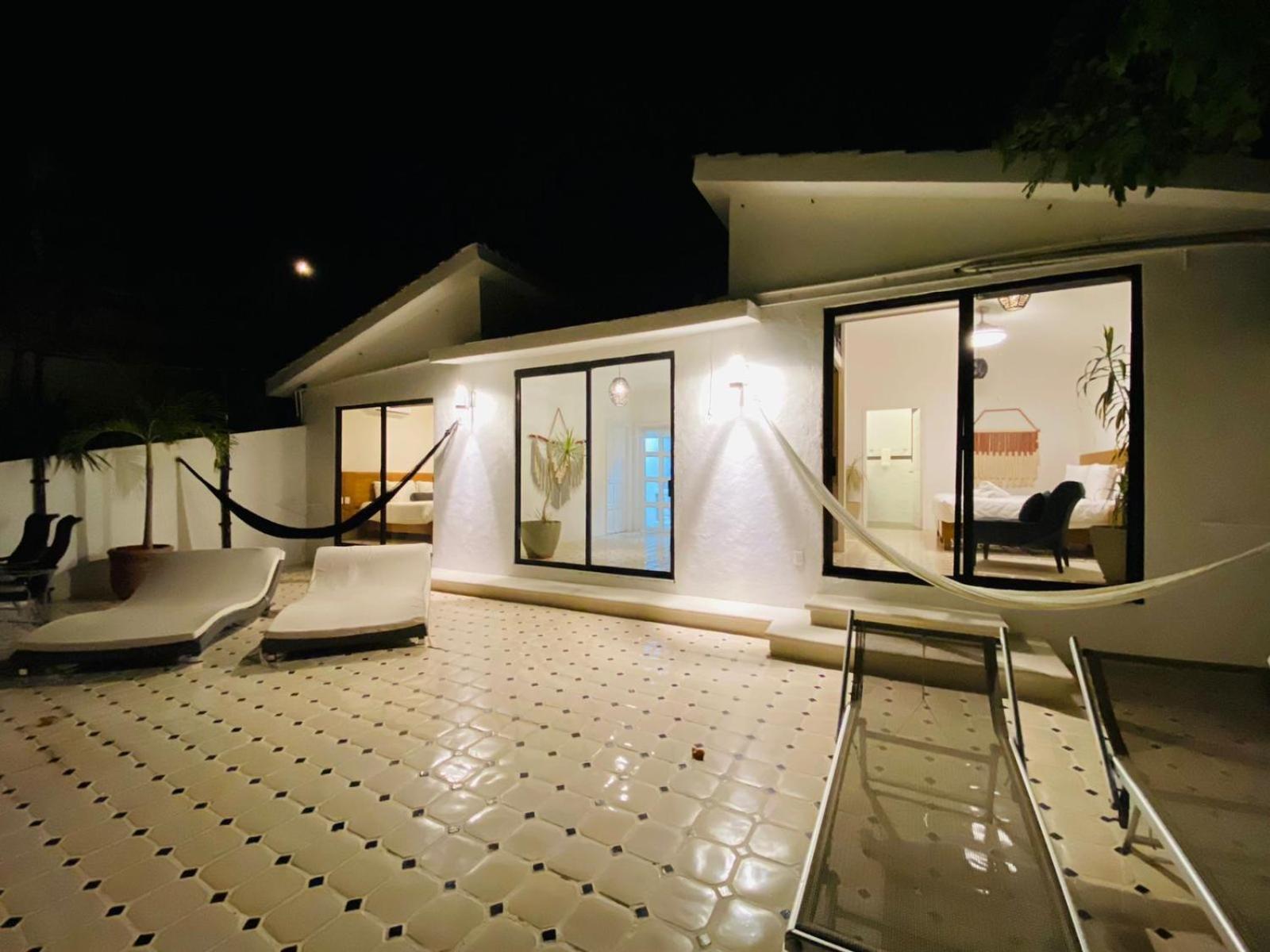 Villa Almendra Playacar 1 Playa del Carmen Exteriör bild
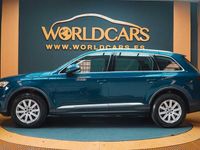 Usado Audi Q7 S-Line 235 CV (172 kW) 2020 Azul SUV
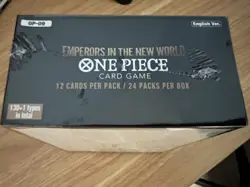 One Piece OP09 Booster Box English Sealed - Image 3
● ● ● ●
Write the full listing out again with every line unchanged, but include no pictures.

Exercise solution:
 Villa Almendra Playacar 1 Playa del Carmen Exteriör bild
 Usado Audi Q7 S-Line 235 CV (172 kW) 2020 Azul SUV
 One Piece OP09 Booster Box English Sealed - Image 3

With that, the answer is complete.